- North American arcade flyer
- Developers: Nichibutsu Jorudan
- Publisher: Nichibutsu
- Platforms: Arcade, Game Boy
- Release: JP: September 1981; NA: November 1981;
- Genre: Action
- Modes: Single-player, multiplayer

= Frisky Tom =

1981 video game

 is a 1981 action video game developed by Jorudan and published by Nichibutsu for arcades. It was released in Japan in September 1981 and North America in November 1981. In this game, the player assumes the role of a plumber, named Tom, who is tasked with protecting and maintaining a network of plumbing pipes that route water from a storage tank to a shower.

A Bandai Electronics VFD handheld version of Frisky Tom was released in 1982. A version for the Atari 5200 was programmed in 1983, but never published.

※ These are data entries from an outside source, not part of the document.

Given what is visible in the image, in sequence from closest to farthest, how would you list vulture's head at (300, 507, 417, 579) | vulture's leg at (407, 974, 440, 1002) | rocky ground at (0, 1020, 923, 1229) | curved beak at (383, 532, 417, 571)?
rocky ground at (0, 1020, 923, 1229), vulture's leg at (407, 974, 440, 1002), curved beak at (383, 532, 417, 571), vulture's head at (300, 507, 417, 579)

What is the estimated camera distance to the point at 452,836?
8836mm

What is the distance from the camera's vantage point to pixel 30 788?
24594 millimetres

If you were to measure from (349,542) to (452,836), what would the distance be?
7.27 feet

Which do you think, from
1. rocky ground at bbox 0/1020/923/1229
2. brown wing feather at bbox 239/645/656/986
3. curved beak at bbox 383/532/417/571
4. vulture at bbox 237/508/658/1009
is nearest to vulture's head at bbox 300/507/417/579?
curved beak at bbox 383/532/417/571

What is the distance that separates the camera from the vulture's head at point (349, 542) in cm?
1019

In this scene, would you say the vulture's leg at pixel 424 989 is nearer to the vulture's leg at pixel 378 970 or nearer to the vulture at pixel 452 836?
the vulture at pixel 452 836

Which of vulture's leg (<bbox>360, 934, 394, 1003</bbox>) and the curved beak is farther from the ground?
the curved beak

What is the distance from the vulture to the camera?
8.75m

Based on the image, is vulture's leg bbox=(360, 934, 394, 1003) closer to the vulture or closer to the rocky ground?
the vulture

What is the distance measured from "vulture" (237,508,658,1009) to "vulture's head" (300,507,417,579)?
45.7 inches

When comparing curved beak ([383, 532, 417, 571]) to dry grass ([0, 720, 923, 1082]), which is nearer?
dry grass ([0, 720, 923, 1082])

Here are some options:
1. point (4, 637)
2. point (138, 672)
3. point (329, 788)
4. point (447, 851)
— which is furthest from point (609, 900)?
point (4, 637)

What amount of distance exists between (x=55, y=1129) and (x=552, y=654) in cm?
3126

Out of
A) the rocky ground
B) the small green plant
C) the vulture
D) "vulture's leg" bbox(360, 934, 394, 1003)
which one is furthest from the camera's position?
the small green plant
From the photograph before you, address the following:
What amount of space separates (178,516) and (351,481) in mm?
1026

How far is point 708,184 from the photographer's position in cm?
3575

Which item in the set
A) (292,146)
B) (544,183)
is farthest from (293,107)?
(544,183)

A port was published for the Game Boy in 1995. Hamster Corporation released the game as part of their Arcade Hits series for the PlayStation in 2002 and the Arcade Archives series for the Nintendo Switch and PlayStation 4 in April 2021.

==Gameplay==
Controls consist of a single four-direction joystick. The player assumes the role of a plumber, named Tom, who is tasked with protecting and maintaining a network of plumbing pipes that route water from a storage tank to a shower. Three different types of mice attempt to disrupt the water flow by knocking joints loose to cause leaks and by setting/igniting a bomb to blow up the tank. Tom must pick up the dropped joints, climb the pipes to fit them back in place, and extinguish the bomb before its fuse burns all the way down. Yellow mice can be safely knocked off the pipes, but they turn purple and become dangerous after dislodging a joint, occasionally jumping off the pipes in an attempt to hit Tom. White mice attempt to light the fuse on the bomb.

The water level in the tank steadily decreases over time, and each level ends once it is empty. A bonus counter decreases whenever water is leaking out of the pipes instead of flowing to the shower; at the end of the level, any remaining bonus is added to the player's score.

One life is lost whenever Tom touches a purple mouse or the bomb explodes. The game ends after all lives are lost.

==Reception==

Famicom Tsūshin scored the Game Boy version of the game a 19 out of 40.